Before I get to my issues, this book is chock full of history, memoir, and food rethought. That part of it, the subject matter, worked for me. Twitty travels through history and across the South visiting and revisiting both his own experiences with Southern food, but also the idea of Southern food in general. He goes into the complexities of how history has shaped our ideas of food today in ways we just don’t think about it. He clearly knows his stuff, and it was fun to see him use his knowledge to really delve into a subject he obviously loves.
The way it was written and the way I read it just weren’t the best vehicle for me to experience all that passion and knowledge. My first issue was that it felt scattered. He jumps from thought to thought, subject to subject, from historical musings, to anecdotes about his life, to times he talked with someone about something, to whatever else, constantly. It was extremely disorienting. I wanted a lot more structure in this than he seemed to want to give. I was constantly having to rewind to see if I could figure out what was going on and who or what he was referring to now. As I mentioned above, this problem was mostly likely made worse by my much bigger issue, but since I can’t get around that right now, I don’t have any way of knowing if I would have cared about this if I’d read the book a different way.

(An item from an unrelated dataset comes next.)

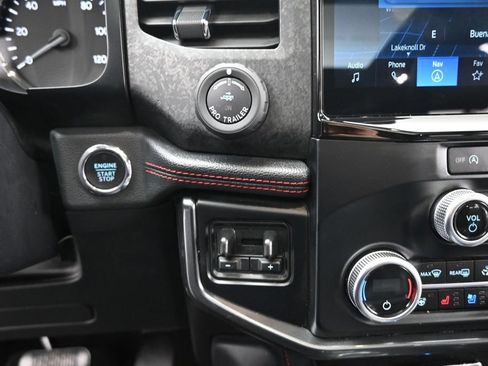 Certified 2023 Ford Expedition Limited AWD/4WD image 19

My second and bigger issue was that I did the audiobook and it’s narrated by the author, and I do not at all care for the way he went about doing that. I don’t know if there’s actually a nice way to say that somebody isn’t a good audio narrator, but I really do not think he was the person for this job, no matter how close to the subject matter he felt. I have had books ruined by audio narrators before, and while this one wasn’t ruined really, it was dramatically lessened. I can only imagine what a good narrator would have done with this material. It is *extremely* rare that an author has the chops to narrate their own books, and even the better ones that can mostly pull it off (i.e. Neil Gaiman) wisely let someone else do it most of the time. If I ever wrote a book you can bet your butts I would not narrate it. I sort of blame myself on this one, because I always, always check an audio sample before I choose to do the audio on a book, specifically because I’ve been burned before, and I did not do that here, for whatever reason. So it is very possible my meh feelings about this book would not exist if I had done that and just read the hard copy.
In fact, I may pick this back up in a couple of years and do just that.
Read Harder Challenge 2021: Read a food memoir by an author of color.